Nesta cidade de tradições democráticas e liberais, palco do 24 de Agosto de 1820 e do 31 de Janeiro de 1891, foi um dos lideres da revolta de Fevereiro de 1927 contra a ditadura militar. Vencido,  fugiu para Espanha e depois  exilou-se em França, de onde sairia para o Brasil, após a Invasão Nazi em 1940.
Várias vezes preso e exilado por motivos políticos, faleceria em 1960 com 76 anos de idade, pouco tempo depois de regressar a Portugal e de escrever os textos deste Portugal- A terra e o Homem.

A Mata é gerida pela Fundação Mata do Bussaco .O trânsito, no interior, está condicionado e um automóvel ligeiro paga 5 € para entrar. Quem preferir não pagar e estiver disposto a fazer uma caminhada maior pode deixar a viatura no centro da vila do Luso e seguir as indicações pedestres até ao Palace Hotel do Bussaco.

No loja de turismo em frente do Hotel, além da venda de produtos típicos, fornecem-se mapas com a indicação de 5 trilhos pedestres: Água, Floresta Relíquia, Militar, Natureza e Via Sacra.

Releio A Elegia mística do Buçaco, identifico no mapa os locais descritos por Jaime Cortesão e sigo em direcção às Portas de Coimbra, pelo trilho da Floresta Relíquia, onde se encontram gravadas as duas bulas dos papas Gregório XV e Urbano VIII, que proibiam a entrada de mulheres no Deserto e o abate de árvores da mata pelos leigos.
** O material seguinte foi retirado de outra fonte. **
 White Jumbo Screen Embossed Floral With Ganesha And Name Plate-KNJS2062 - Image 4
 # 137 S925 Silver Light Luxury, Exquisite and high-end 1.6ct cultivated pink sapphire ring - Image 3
Pretendeu-se que a mata fosse como um Deserto, destinado à contemplação e ao silêncio. Isolado pelas árvores e vegetação frondosa, devotado à meditação dos Carmelitas Descalços, ordem a quem foi doada a mata pelo bispo de Coimbra em 1628.
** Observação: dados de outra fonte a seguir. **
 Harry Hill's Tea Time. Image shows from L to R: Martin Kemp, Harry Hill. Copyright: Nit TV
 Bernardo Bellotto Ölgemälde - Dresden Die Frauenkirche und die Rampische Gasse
Subo pelo mesmo trilho até à Cruz Alta. Talvez a principal característica da mata do Bussaco, e a mais deslumbrante, é a diversidade e riqueza da sua vegetação. Neste trilho podem ser admirados alguns dos seus mais belos exemplares. Os mais carismáticos são os Cedros, inicialmente plantados pelos monges, importados do México, que no entanto se tornaram endémicos e agora têm nomenclatura própria na botânica, sendo designados por Cupressos lusitanica, em nome comum, Cipreste-de-portugal ou Cedro-do-Buçaco. Os adernos, azereiros e loureiros são outras relíquias. Na Cruz Alta avista-se a Beira Litoral, a serra do Caramulo, que a divide da Beira Alta, e toda a planície costeira até à Figueira da Foz.

Regresso pela Via Sacra, passando pelas várias capelas que representam os passos da paixão de Cristo. No interior, escultoras de barro com figuras em tamanho real. Próximo da Varanda de Pilatos, fotografo o cedro de São José. Não o consigo apanhar na totalidade com a objetiva da minha máquina. É enorme, estende-se para o céu. Uma placa indica que terá sido plantado provavelmente em 1644.

Visito o Convento de Santa Cruz. É simples, pequeno, com uma igreja e várias capelinhas. A Capela da Sagrada Família tem uma tela com este nome da autoria de Josefa de Óbidos. Religiosa Andaluza que se radicou na vila que lhe deu o sobrenome e autora de alguns dos mais importantes quadros religiosos feitos em Portugal no século XVII. Apropriado a esta época.

Numa das celas pernoitou em 27 de Setembro de 1810 o Duque de Wellington, após ter vencido uma batalha contra os Franceses nas encostas desta serra. Os vestígios militares são comuns. Noutra altura virei cá realizar o trilho militar e descobrir mais sobre a história e os acontecimentos que se deram no Bussaco.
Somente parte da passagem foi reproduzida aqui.